Il motivo è inammissibile in quanto non tiene conto della motivazione dell’impugnata sentenza che – proprio in applicazione del principio di diritto affermato in Cass. n. 18927/2012 – ha escluso la sussistenza di comportamenti vessatori nei confronti della V. dopo un’accurata valutazione dei singoli episodi denunciati operata attraverso la disamina della emergenze istruttorie.

Peraltro il motivo, nonostante il formale richiamo contenuto nell’intestazione a plurime violazioni di norme di legge, si risolve nella denuncia di una errata o omessa valutazione del materiale probatorio acquisito ai fini della ricostruzione dei fatti alfine di ottenere una rivisitazione del merito della controversia non ammissibile in questa sede. Invero, è stato in più occasioni affermato dalla giurisprudenza di legittimità che la valutazione delle emergenze probatorie, come la scelta, tra le varie risultanze, di quelle ritenute più idonee a sorreggere la motivazione, involgono apprezzamenti di fatto riservati al giudice del merito, il quale nel porre a fondamento della propria decisione una fonte di prova con esclusione di altre, non incontra altro limite che quello di indicare le ragioni del proprio convincimento, senza essere tenuto a discutere ogni singolo elemento o a confutare tutte le deduzioni difensive (cfr, e plurimis, Cass. n. 17097 del 21/07/2010; Cass. n. 12362 del 24/05/2006; Cass. n. 11933 del 07/08/2003).

Per tutto quanto sopra considerato, si propone la declaratoria di inammissibilità del ricorso con ordinanza, ai sensi dell’art. 375 c.p.c., n. 5.”.

Sono seguite le rituali comunicazioni e notifica della suddetta relazione, unitamente al decreto di fissazione della presente udienza in Camera di consiglio.

Il C. ha depositato memoria ex art. 380 bis c.p.c..

Il Collegio condivide pienamente il contenuto della sopra riportata relazione e, pertanto, dichiara inammmissibile il ricorso.

Le spese del presente giudizio, per il principio della soccombenza, sono poste a carico della ricorrente e vengono liquidate nella misura di cui al dispositivo.

Sussistono i presupposti per il versamento, da parte della ricorrente dell’ulteriore importo a titolo di contributo unificato, previsto dal D.P.R. 30 maggio, art. 13, comma 1 quater, introdotto dalla L. 24 dicembre 2012, n. 228, art. 1, comma 17 (legge di stabilità 2013).
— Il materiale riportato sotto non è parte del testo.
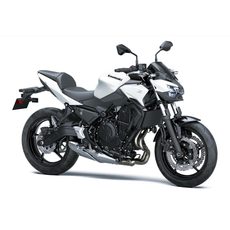 KAWASAKI Z650 PEARL BLIZZARD WHITE (WT1) 2026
Tale disposizione trova applicazione ai procedimenti iniziati in data successiva al 30 gennaio 2013, quale quello in esame, avuto riguardo al momento in cui la notifica del ricorso si è perfezionata, con la ricezione dell’atto da parte del destinatario (Sezioni Unite, sent n. 3774 del 18 febbraio 2014). Inoltre, il presupposto di insorgenza dell’obbligo del versamento, per il ricorrente, di un ulteriore importo a titolo di contributo unificato, ai sensi del D.P.R. 30 maggio 2002, n. 115, art. 13, comma 1 quater, nel testo introdotto dalla L. 24 dicembre 2012, n. 228, art. 1, comma 17, non è collegato alla condanna alle spese, ma al fatto oggettivo del rigetto integrale o della definizione in rito, negativa per l’impugnante, del gravame (Cass. n. 10306 del 13 maggio 2014).

PQM

La Corte dichiara inammissibile il ricorso e condanna la ricorrente alle spese del presente giudizio liquidate in Euro 100,000 per esborsi, Euro 4.000,00 per compensi professionali, oltre rimborso spese forfetario nella misura del 15%.
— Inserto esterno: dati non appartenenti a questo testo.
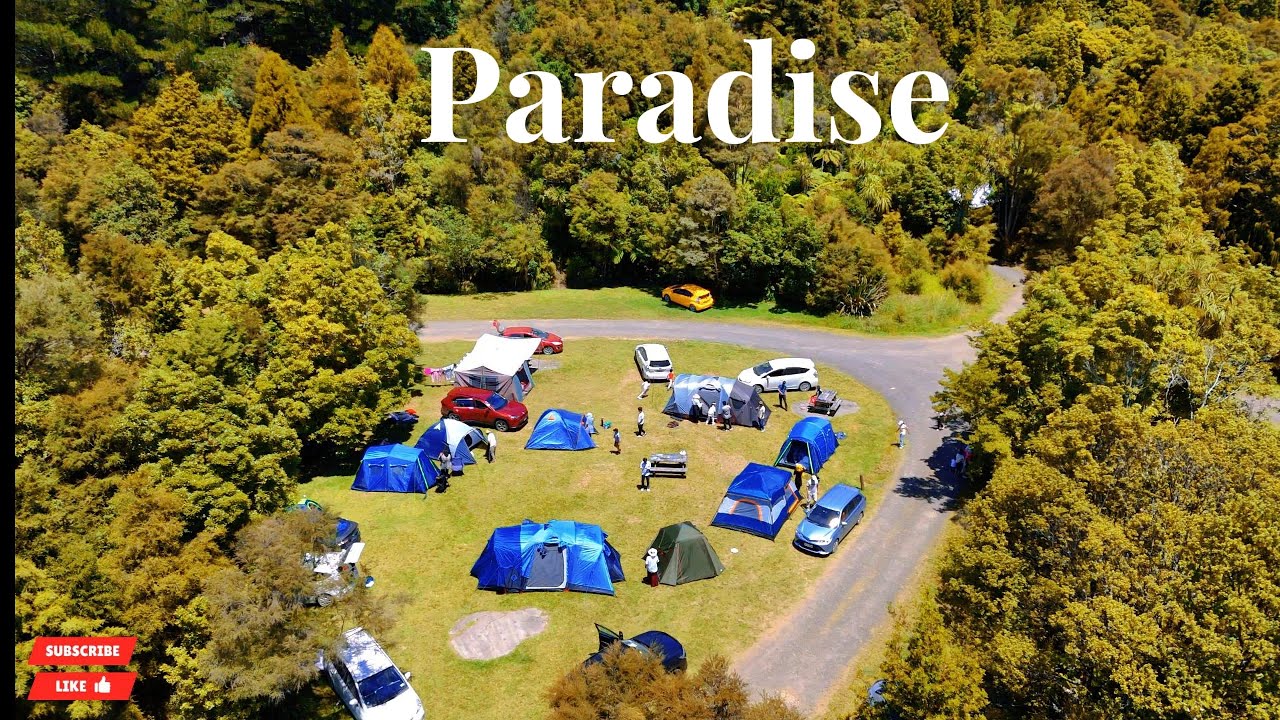 🌴 Coromandel Peninsula – A Paradise for Camping & Long Walks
Ai sensi del D.P.R. 30 maggio 2002, n. 115, art. 13, comma 1 quater dà atto della sussistenza dei presupposti per il versamento da parte della ricorrente dell’ulteriore importo a titolo di contributo unificato pari a quello dovuto per il ricorso a norma dello stesso art. 13, comma 1 bis.

Così deciso in Roma, il 8 novembre 2016.